The idea of using a current dumping output stage may be a good one for sake of simplicity, but it's going to really limit how good you can get THD20k to with low Z (bridged) loads. Especially with 3 MHz outputs in quasi. May be good enough for PA or sub use. But even then I'd bias the drivers even higher - say 60-100 mA like in the PL400 (10 ohm Rbe on the outputs).
Doug_E
You've missed lots of discussion on the 2N3055 elsewhere in these threads :-(
The original spec was indeed 70V and many RCA devices just met this (Vceo). But the Vcbo is 100V. When the technology changed to epi base most manufacturers had to run the device on a higher voltage technology in order to achieve 100V Vcbo; and on epi base technology Vceo tends to be the same as Vcbo. Therefore, examples of 2N3055s will typically be capable of running at 80V quite happily. All of the samples I have had from ON semi and ST have been over 80V Vceo (with no base resistor). Of course this does not guarantee the performance from other companies or fakes, so you should always check.

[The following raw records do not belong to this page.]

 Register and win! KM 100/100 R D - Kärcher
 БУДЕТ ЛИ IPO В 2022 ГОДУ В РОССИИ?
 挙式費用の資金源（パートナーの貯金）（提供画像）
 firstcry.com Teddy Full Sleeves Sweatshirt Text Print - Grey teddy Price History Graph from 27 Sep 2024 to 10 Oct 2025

You've missed lots of discussion on the 2N3055 elsewhere in these threads :-(
The original spec was indeed 70V and many RCA devices just met this (Vceo). But the Vcbo is 100V. When the technology changed to epi base most manufacturers had to run the device on a higher voltage technology in order to achieve 100V Vcbo; and on epi base technology Vceo tends to be the same as Vcbo. Therefore, examples of 2N3055s will typically be capable of running at 80V quite happily. All of the samples I have had from ON semi and ST have been over 80V Vceo (with no base resistor). Of course this does not guarantee the performance from other companies or fakes, so you should always check.
MJ2955 from St date codes
Quick question:
I recently got a bunch of MJ2955 from ST, so I can also make a complementary amp (one from selim's pcb).
There is a date code on them that I'm not sure how to decode. They all have that same date code of 99529, and they all are from ST, malaysia, and I doubt they would be fakes.

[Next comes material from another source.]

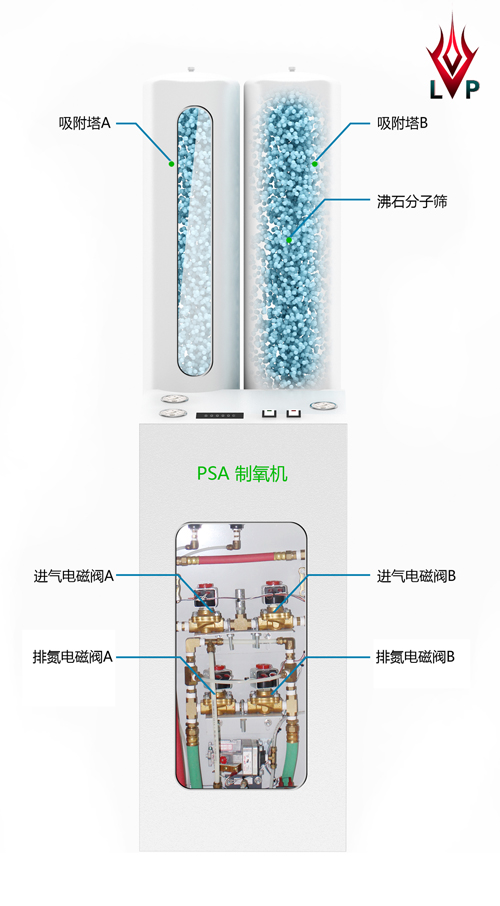 医用分子筛制氧机的吸附特点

I assume the first 2 digits 99 are the manufacture year. Is that right? and what are the other digits? month and day? just a batch number?
At least they all have that same code, so they should be from the same batch.

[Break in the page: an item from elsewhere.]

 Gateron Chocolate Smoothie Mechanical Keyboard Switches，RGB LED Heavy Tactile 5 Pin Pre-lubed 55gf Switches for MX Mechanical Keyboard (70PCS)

They should also be somewhat recent, enough to have the higher Ft and perhaps a higher vce0 than stated in the datasheets.
Quick question:
I recently got a bunch of MJ2955 from ST, so I can also make a complementary amp (one from selim's pcb).
There is a date code on them that I'm not sure how to decode. They all have that same date code of 99529, and they all are from ST, malaysia, and I doubt they would be fakes.
I assume the first 2 digits 99 are the manufacture year. Is that right? and what are the other digits? month and day? just a batch number?
At least they all have that same code, so they should be from the same batch.
They should also be somewhat recent, enough to have the higher Ft and perhaps a higher vce0 than stated in the datasheets.
Cool, not so old after all.
Vintage enough to not be the faster types? I saw on a recent st datasheet that they are supposed to have a min Ft at 3Mhz.
Now I would need to sort through my 3055s, but I'm sure all of them are much older than those 2955s, so matching them is not only unlikely, they would probably be slower.
If they are epi base, then they are about 3 MHz. Doesn't matter whose they are. Just because the minimum on some spec sheet that hasn't been updated since the 70's says 800kHz doesn't mean it can't be exceeded and still meet spec. If you have some old hometaxials, they will be slower. 1977 date code RCA's, for example. But you have to work to find them these days. Except for some off-brands, those dried up completely in the 80's.
The difference between a 2 MHz minimum and a 3 MHz isn't enough to get excited over.
The difference between a 2 MHz minimum and a 3 MHz isn't enough to get excited over.